Spork is very relieved to finally see the privacy issue addressed in the discussion of computerizing medical records. Although Spork has frequently suffered from the inability of her various doctors and hospitals to communicate amongst themselves, Spork is more concerned about preventing people from accessing her medical records without her permission than about improving efficiency by making access easier. She believes that patients should own and control their own medical records, even though the file cabinets or computer servers where records are kept are in hospitals and doctors’ offices. This is a separate issue from whether or not records should be digitized, but it will inevitably come up whenever plans are made to digitize records.
Current laws restrict patients’ access to their own records. For example, in New York State, patients have the right to ask a healthcare provider to show them and interpret their records, but they do not have an absolute right to inspect the actual records privately and retain copies. Copies of records may be obtained by filling out a complicated form, but providers may delay responding, omit certain items, and charge per page if the patient is not indigent. They can even refuse altogether to provide records if they claim that it is not in the patient’s best interest to see their own raw records, in which case the issue is referred to a Health Department Committee on Access to Patient Records. The result of these rules is that patients usually can get their records easily when there is no disputed issue, but that there are numerous loopholes and delay tactics that providers use whenever there is a problem. And of course the problem situations are precisely those in which it is most essential to get copies of one’s medical records…
The privacy laws do a reasonable job of protecting patients from unauthorized access to their medical records for commercial use or by third parties, but often patients need to prevent doctors and hospitals from seeing certain records, and there is no provision for this in existing policy. For example, it is currently impossible to change a medical record, one can only add to it. In practice that means that a mistake persists forever. Patients misdiagnosed with a stigmatized disease can literally never escape the misdiagnosis. This has happened to Spork.

More commonly, a patient may genuinely have had a stigmatized disease such as a mental illness, substance abuse problem, obesity, or venereal disease, but having recovered from it, they may not want every doctor they see for the rest of their life to know about it. In an ideal world, more information is always better than less and a doctor could get useful information from knowing, for example, that an 80-year-old woman with a broken hip had a drug problem as a teenager (perhaps the doctor would monitor use of painkillers more carefully). But we do not live in the best of all possible worlds and almost every doctor has biases which in some cases are so extreme that they put their patient’s life in danger. In these cases, it is much safer for patients to be able to suppress information they do not want a new doctor to know.

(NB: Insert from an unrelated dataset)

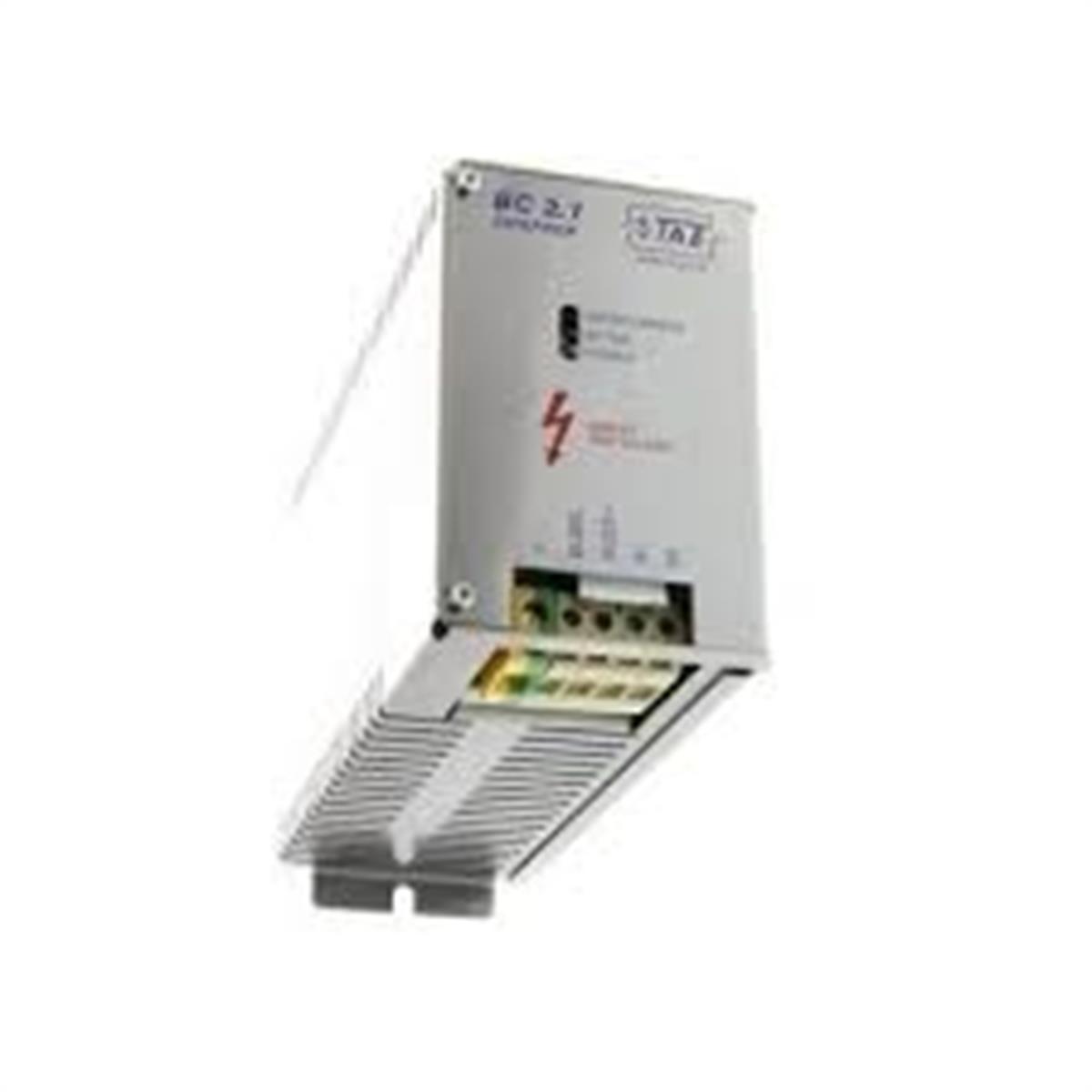 Omron AX-BCR4090240-TE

This may sound outlandish to those who have not experienced discrimination in a health care setting. One example should be enough to illustrate the problem: A friend of Spork’s, a well-spoken former bank vice president in her 50’s, called 911 when she experienced severe abdominal pain. Her boyfriend, against her wishes, told the paramedics that she was taking antipsychotic medication. As a result, she was taken to the psychiatric ER and left moaning on a stretcher for many hours without a physical exam, and then, when she was finally given any attention, it was to have a social worker ask her why she was “agitated.” She had appendicitis, and by the time she was finally operated, her appendix was on the point of bursting and she had a longer hospital stay and more difficult recovery than is usual with appendicitis. She would have received immediate evaluation and rapid treatment had her wishes to supress psychiatric information been respected.